John Dellenback Trail
Elmer and I pulled off Highway 101 into the parking lot of the John Dellenback Trail near Lakeside. Destination: the towering and sweeping dunes one must traverse to reach the ocean. It was a sunny weekday in early winter.
I’d never seen this place before and relished watching Elmer run wild in this dunescape. A new adventure for us. We keep racking them up.
As we exited the car, I noticed a pile of belongings, including a piece of rolling luggage in a decommissioned camp site.
There was simply no way this pile could represent the possessions of a homeless person in this remote area of the Southern Oregon Coast. Impossible. Someone must have dumped the pile for some perfectly rational or inexplicable reason and driven away.
The pile moved! I saw the back of a head with matted hair nod.
There was simply no way it could be a homeless person in this remote area of the Southern Oregon Coast.
I stopped myself: I’d seen homeless people in much more remote places in Oregon than this. (Agness, Oregon for one.) And at least this parking lot had restrooms and water.
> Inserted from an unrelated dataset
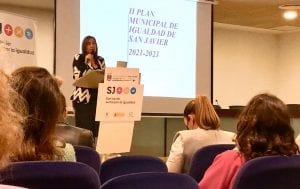El ayuntamiento de San Javier presenta su II Plan Municipal de Igualdad de Oportunidades 2021-2023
Elmer tugged on the leash. He was raring to go.
We explored the dunes, and let me say for the record here: this is a must see for every Oregonian. We were extras on the set of Lawrence of Arabia for an interminable David Lean long shot. Elmer went bonkers in the sand, running amok, running around me. I chased him and we both fell every now and then and rolled down a dune. It was the happiest I’d felt since my dad died.
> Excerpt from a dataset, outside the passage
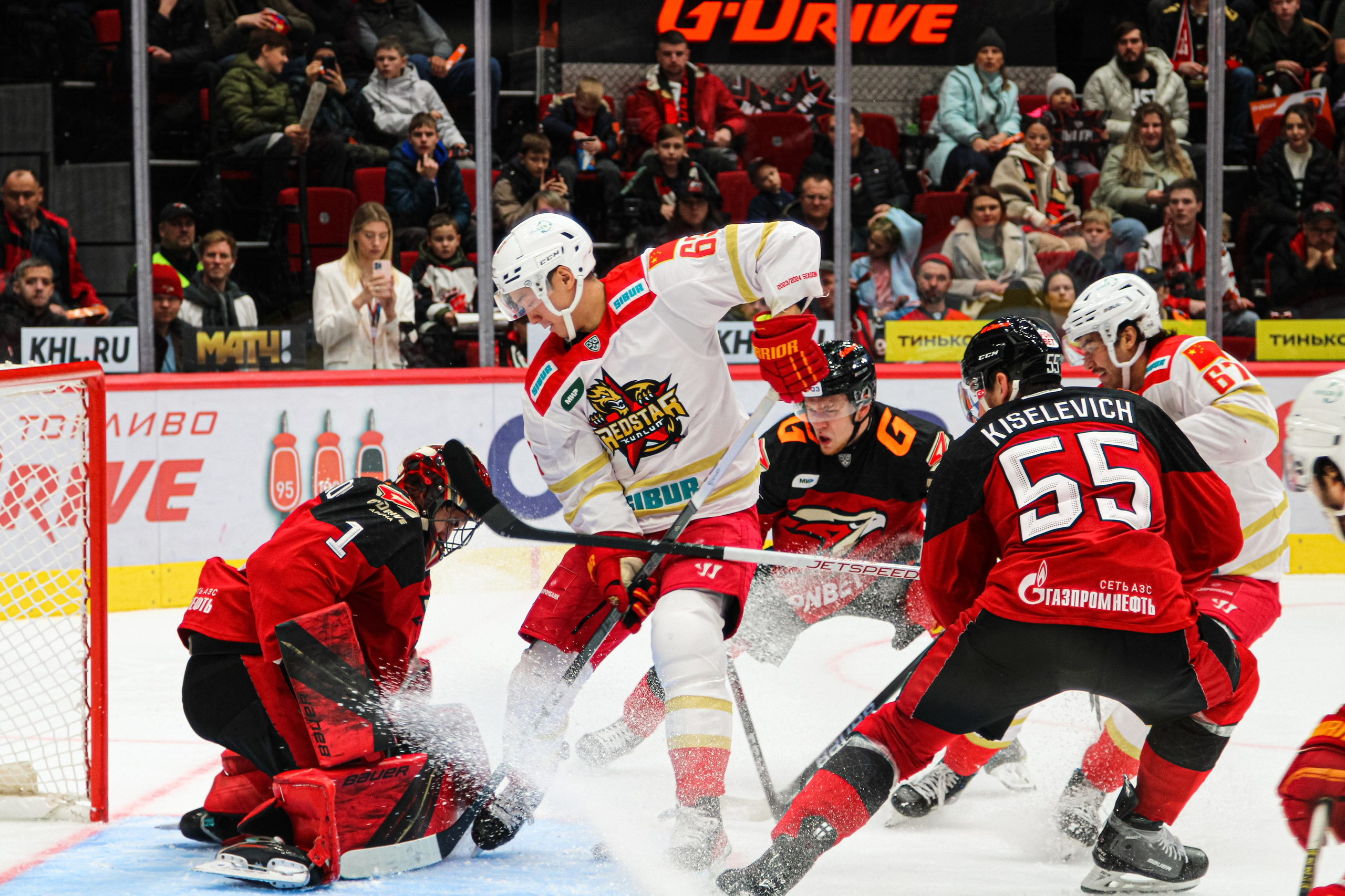 Спорт. Репортажный и портретный фотограф в Омске Дарья Фральцова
We returned to the parking lot 90 minutes later, exhausted.
The pile remained and the head still nodded. A park ranger drove past the pile.
I decided an investigation was warranted. We would cruise by the pile on our way out of the parking lot.
Minutes later, I idled the car 20 feet behind the pile. The body turned my direction. It was a woman in her 50s or 60s. She was playing on her phone. I powered down the passenger side window to ask if she needed help. She glanced at me, registered nothing in her face, turned slowly around, and back to her phone.
A hundred questions combusted in my mind. I’d asked the same ones a thousand times since writing about the homeless in Oregon.
I’ve probably answered a half dozen of them.